PROLOGUE
It was the pain that woke her—a dull, throbbing ache in the wrist pinned behind her back. She tried to pull the arm free, but her wrists were bound together.
That was when the memories flooded in: stumbling along the rocky path, her face covered by a hood (the same one that now pressed against her nostrils every time she inhaled), a hand shoving her forward whenever she paused.
The next thing she remembered was waking to the pain in her wrist.
I must have fallen, knocked myself out, she thought.
Something cold and smooth pressed against her head. She rolled, feeling the bar of metal with her bound hands. It was shaped like a T and bolted to planks of wood.
A rail. That means this must be a mine shaft!
Her excitement at this discovery faded as quickly as it flared up. She had been discarded like a bag of trash, left somewhere nobody would find her.
Left to die.
Her heart beat violently as she pushed herself to her feet. She was not going to die here, not without a fight.

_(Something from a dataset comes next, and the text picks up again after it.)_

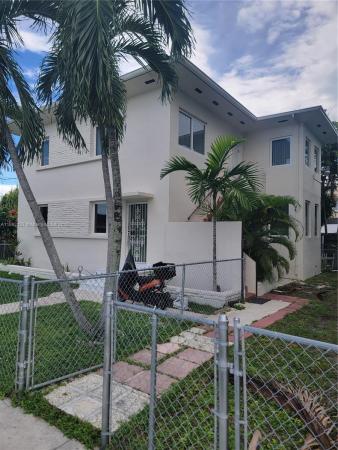 Beacom Manor, 2450 SW 5th St, Miami, Florida 33135, image 1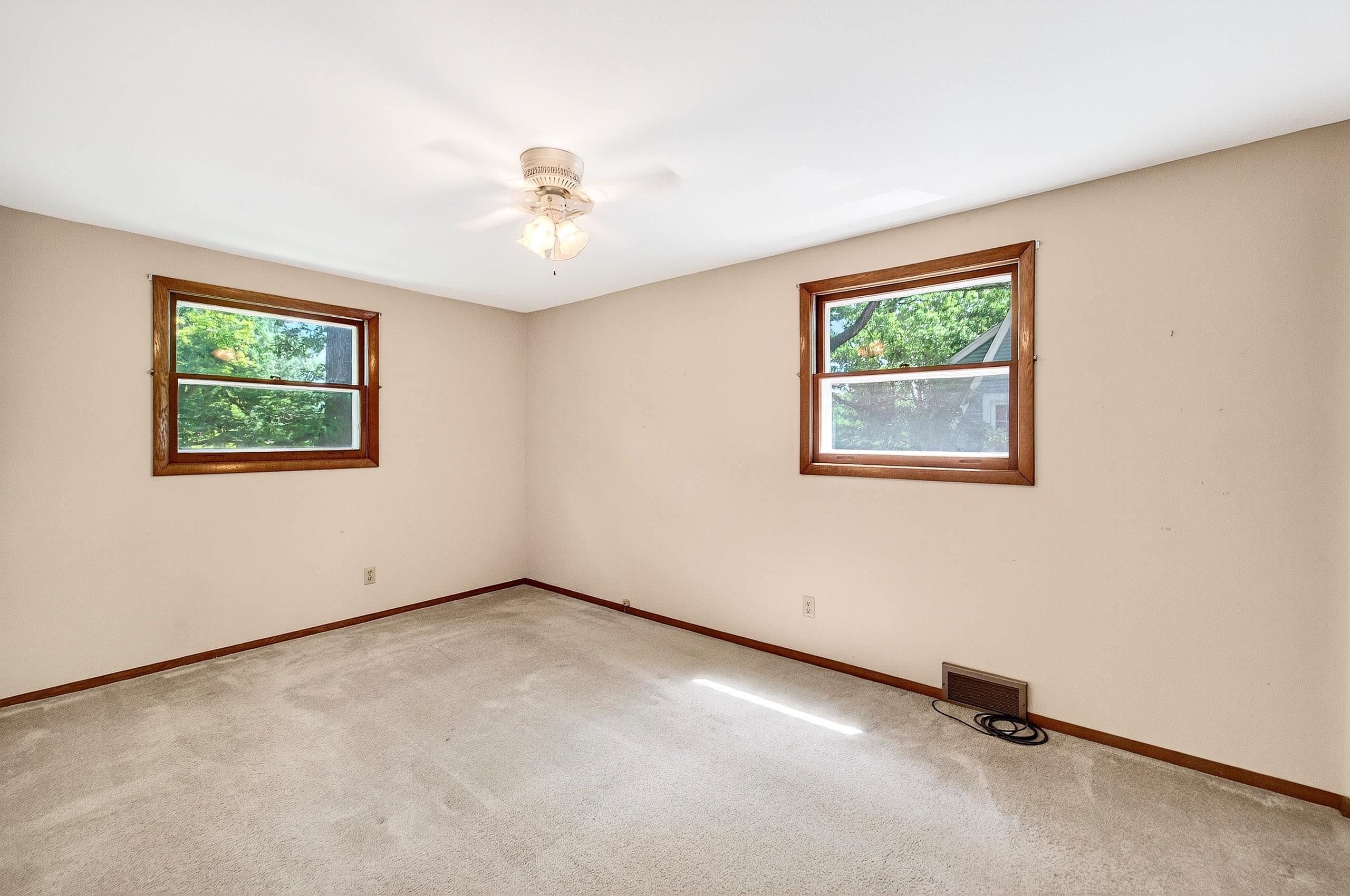 2813 Regent Street Madison, WI 53705 - Photo 29 of 39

She twisted her wrists back and forth, ignoring the pain. She felt the knot loosening. Suddenly it came free, and she pulled at the hood. Her hair stuck to it for a moment – she dared not think how much blood she had lost – but she gave it a tug and it slipped off.
All she had to do now was go back the way she had come.
She hesitated, knowing one way would take her deeper into the mine shaft. But how to tell which was the right way? In the end she went with her gut, trotting through the darkness, barely able to keep herself from a panicked sprint.
She tripped over something soft and fell headlong, landing on her injured wrist, which flared with pain. Her good hand quested over the object that had tripped her.
Fabric. The cool roundness of a button. Then the cold, bony protrusion of a chin, the skin shriveled and tight.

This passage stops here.